*** Block opens ***

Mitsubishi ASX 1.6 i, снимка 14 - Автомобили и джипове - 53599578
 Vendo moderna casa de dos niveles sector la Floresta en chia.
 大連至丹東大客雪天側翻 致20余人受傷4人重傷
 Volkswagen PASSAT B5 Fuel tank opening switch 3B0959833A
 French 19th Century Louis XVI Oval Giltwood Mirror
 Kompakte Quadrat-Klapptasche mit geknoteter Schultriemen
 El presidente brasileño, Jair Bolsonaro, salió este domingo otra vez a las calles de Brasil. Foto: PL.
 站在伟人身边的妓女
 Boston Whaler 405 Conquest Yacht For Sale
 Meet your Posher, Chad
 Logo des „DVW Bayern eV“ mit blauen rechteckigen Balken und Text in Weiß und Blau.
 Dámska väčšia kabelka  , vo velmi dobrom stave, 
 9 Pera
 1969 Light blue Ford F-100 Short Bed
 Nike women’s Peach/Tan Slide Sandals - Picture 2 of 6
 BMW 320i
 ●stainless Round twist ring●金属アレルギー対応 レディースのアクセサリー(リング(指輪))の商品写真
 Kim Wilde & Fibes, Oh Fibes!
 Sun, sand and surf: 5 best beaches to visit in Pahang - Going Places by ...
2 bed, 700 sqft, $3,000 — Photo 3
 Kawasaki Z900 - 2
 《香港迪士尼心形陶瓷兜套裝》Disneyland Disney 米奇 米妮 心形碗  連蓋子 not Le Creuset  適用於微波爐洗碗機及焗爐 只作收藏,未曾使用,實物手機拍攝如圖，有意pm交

*** Block closes ***

- [TASK] Write out each entry exactly, and omit nothing.

- [RESPONSE]
Mitsubishi ASX 1.6 i, снимка 14 - Автомобили и джипове - 53599578
 Vendo moderna casa de dos niveles sector la Floresta en chia.
 大連至丹東大客雪天側翻 致20余人受傷4人重傷
 Volkswagen PASSAT B5 Fuel tank opening switch 3B0959833A
 French 19th Century Louis XVI Oval Giltwood Mirror
 Kompakte Quadrat-Klapptasche mit geknoteter Schultriemen
 El presidente brasileño, Jair Bolsonaro, salió este domingo otra vez a las calles de Brasil. Foto: PL.
 站在伟人身边的妓女
 Boston Whaler 405 Conquest Yacht For Sale
 Meet your Posher, Chad
 Logo des „DVW Bayern eV“ mit blauen rechteckigen Balken und Text in Weiß und Blau.
 Dámska väčšia kabelka  , vo velmi dobrom stave, 
 9 Pera
 1969 Light blue Ford F-100 Short Bed
 Nike women’s Peach/Tan Slide Sandals - Picture 2 of 6
 BMW 320i
 ●stainless Round twist ring●金属アレルギー対応 レディースのアクセサリー(リング(指輪))の商品写真
 Kim Wilde & Fibes, Oh Fibes!
 Sun, sand and surf: 5 best beaches to visit in Pahang - Going Places by ...
2 bed, 700 sqft, $3,000 — Photo 3
 Kawasaki Z900 - 2
 《香港迪士尼心形陶瓷兜套裝》Disneyland Disney 米奇 米妮 心形碗  連蓋子 not Le Creuset  適用於微波爐洗碗機及焗爐 只作收藏,未曾使用,實物手機拍攝如圖，有意pm交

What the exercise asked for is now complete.